You are an assistant that MUST answer the user's question using ONLY the provided knowledge base excerpts. If the answer is not present, say 'I am not sure based on the KB provided.'\n\nQuestion: {query}\n\nContext:\n{context}\n\nProvide a concise factual answer and list the source titles used.
""")
    if use_gemini and gemini_available:
        try:
            model = genai.GenerativeModel(model_name)
            resp = model.generate_content(prompt)
            out = resp.text.strip()
            return {'answer': out, 'confidence': conf, 'retrieved': retrieved}
        except Exception as e:
            return {'answer': f'LLM call failed: {e}', 'confidence': conf, 'retrieved': retrieved}
    else:
        # simple synthesis: pick first paragraph from each retrieved doc and join
        paras = []
        for r in retrieved:
            p = r['text'].split('\n')[0].strip()
            paras.append(p)
        concise = ' '.join(paras)
        final = f"{concise}\n\nSources: {', '.join([r['title'] for r in retrieved])}"
        return {'answer': final, 'confidence': conf, 'retrieved': retrieved}

## 6. Run required queries and show retrieved articles + answers

In [28]:
queries = [
    ('How do I configure automations in Hiver?', 'configure_automations'),
    ('Why is CSAT not appearing?', 'why_csat_missing')
]

results = {}
for q, key in queries:
    res = generate_answer_rag(q, k=4, use_gemini=True)
    results[key] = res

for key, res in results.items():
    print('\n' + '='*60)
    print('Query key:', key)
    print('Answer:\n', res['answer'])
    print('\nConfidence:', round(res['confidence'],3))
    print('\nRetrieved articles:')
    for r in res['retrieved']:
        print('-', r['title'], '(score=', round(r['score'],3),')')

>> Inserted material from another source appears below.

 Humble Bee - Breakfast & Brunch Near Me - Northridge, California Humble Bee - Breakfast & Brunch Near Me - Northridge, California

Query key: configure_automations
Answer:
 I am not sure based on the KB provided.

Confidence: 0.664

Retrieved articles:
- Email threads not merging (score= 0.386 )
- Automation delay (score= 0.314 )
- Mobile app crash (score= 0.309 )
- Automation duplication (score= 0.307 )

Query key: why_csat_missing
Answer:
 Customers are not receiving CSAT surveys.

Source titles:
CSAT survey not sent

Confidence: 0.737

Retrieved articles:
- CSAT not calculated (score= 0.601 )
- CSAT survey not sent (score= 0.53 )
- CSAT report mismatch (score= 0.505 )
- BCC not recorded (score= 0.261 )


## 7. Improvements & Failure Case

### 5 Ways to improve retrieval
1. Use a stronger embedding model (e.g., all-mpnet-base-v2) for semantically richer embeddings.
2. Chunk long documents into passages and index passages instead of whole docs to increase precision.
3. Use a cross-encoder re-ranker (e.g., SBERT cross-encoder) to re-score top-k results.
4. Add query expansion / paraphrase generation to improve recall.
5. Maintain domain-specific stopwords and normalize technical terms.

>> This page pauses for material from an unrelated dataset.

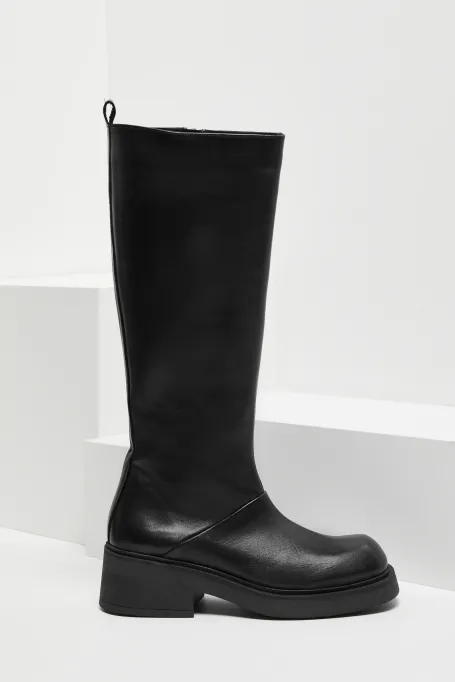 Cizme negre din piele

### Example failure case & debugging steps
**Failure case:** the system returns unrelated KB articles for "How do I configure automations in Hiver?".
**Debugging:**
- Inspect embedding similarity scores for query vs docs.
- Increase k and inspect candidates; then re-rank.
- Verify KB includes Hiver Automation-related keywords; if not, augment KB.
- Try a stronger embedding model and re-index.


## 8. Artifacts & Notes
- KB files saved to `/mnt/data/hiver_kb_articles/`.
- Assignment PDF referenced at `/mnt/data/Hiver – AI Intern Evaluation Assignment.pdf`.
- To enable Gemini generation, add your key to Colab secrets as `GEMINI_API_KEY` or set it in environment variables.